Carmen Consoli: «Canto da mamma e da cronista»

02/02/2015  Con "L'abitudine di tornare" ha rotto un silenzio durato cinque anni per raccontare l'Italia che non le piace. «Ma il mio bambino ogni giorno mi insegna che si può essere felici».

I cinque anni di assenza dalle scene hanno fatto bene a Carmen Consoli. Si vede subito che è una donna appagata quando, sgranando i suoi occhi scuri, parla delle canzoni che compongono il suo nuovo disco, L’abitudine di tornare. Dieci canzoni scritte di getto la scorsa estate, «dove capitava, anche mentre in braccio allattavo il bambino e con la mano scrivevo i testi».
Il bambino si chiama Carlo Giuseppe, ed è nato un anno e mezzo fa. Ora è con la nonna, mentre la cantautrice catanese racconta che le nuove canzoni sono state scritte con l’occhio di una “cronista verista”. Dieci intense fotografie in musica in cui si affrontano temi come il femminicidio, il dramma dei migranti, le famiglie piegate dalla crisi. Tutte però sono illuminate dall’ironia e dalla speranza.

- In questi cinque anni lontano dai riflettori hai detto di aver avuto più tempo per stare con la gente comune. Per esempio?
«Orazio, il mio pescivendolo. Mi ripete sempre: “’U pisci aiuta a cantari”. Oppure: “La differenza tra ’u pisci di Catania e il sushi è che quello è morto mentre chistu è vivu”».

- A proposito di pesce, in La notte più lunga parli dell’umanità dei pescatori che soccorrono i tanti disperati che finiscono in mare al largo della Sicilia. Ti hanno raccontato le loro storie?
«Sì. Ogni volta rischiano il sequestro della loro barca, ma c’è una legge del mare che impone di aiutare gli altri esseri umani e che è più forte delle altre leggi. E non è una questione che riguarda solo Lampedusa. Ho amici che hanno una casa al mare e hanno rinunciato a farsi il bagno perché spesso dalle onde affiorano corpi».

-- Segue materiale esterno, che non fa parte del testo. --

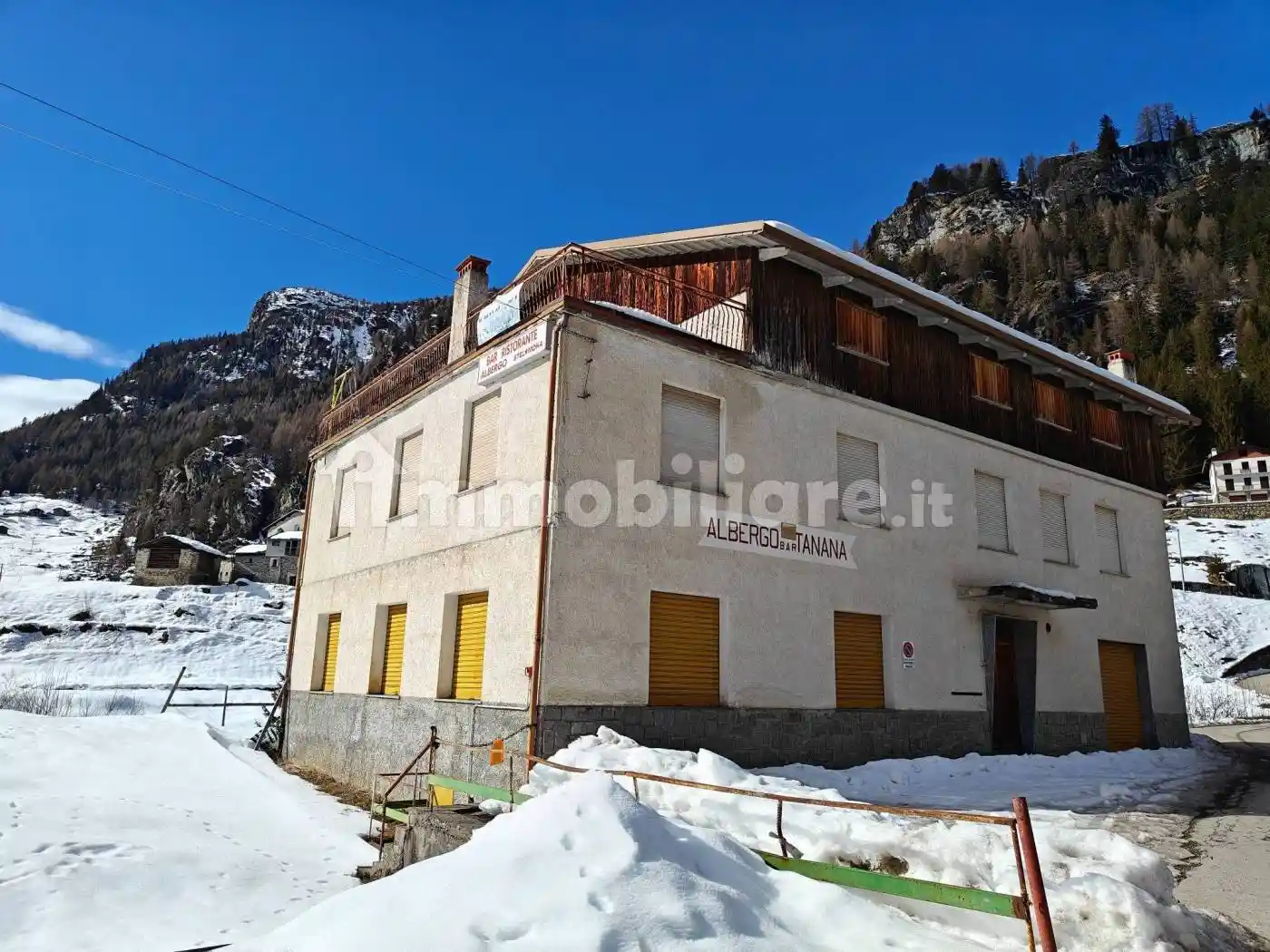 Palazzo - Edificio in vendita a Lanzada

- In un’altra canzone, Esercito silente, dici che in Sicilia si fronteggiano due eserciti: quello degli indignati e quello degli omertosi. Qual è oggi il più numeroso?
«Quello degli indignati, che in questi anni hanno sfilato per le strade dopo ogni strage di mafia. Ma purtroppo è ancora forte la mentalità per cui “se non sono figli miei, cu sinni futti”».

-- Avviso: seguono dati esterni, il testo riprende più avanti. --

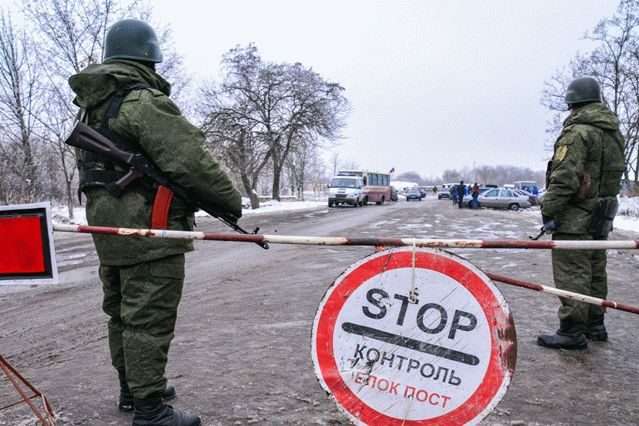 Окупанти заборонили своїм бюджетникам залишати «ДНР»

- La canzone si chiude con una frase molto dura:
«Chissà se il buon Dio perdonerà Palermo»... «In Sicilia si dice spesso: “Comu voli Diu”, che è un modo per non assumersi responsabilità. Io invece dico: rimbocchiamoci le maniche e non aspettiamo che arrivi dall’alto questo perdono».

- In Sintonia imperfetta hai invece inserito una citazione di una vecchia canzone: «Voglio vivere così, col sole in fronte…». Perché?
«La cantava sempre mio nonno. Ho letto le lettere che inviava alla nonna mentre si trovava in guerra. Vedendo la bella calligrafia con cui erano scritte pensavo a quante volte doveva averle ricopiate. Dentro c’era un romanticismo sognante che non esiste più».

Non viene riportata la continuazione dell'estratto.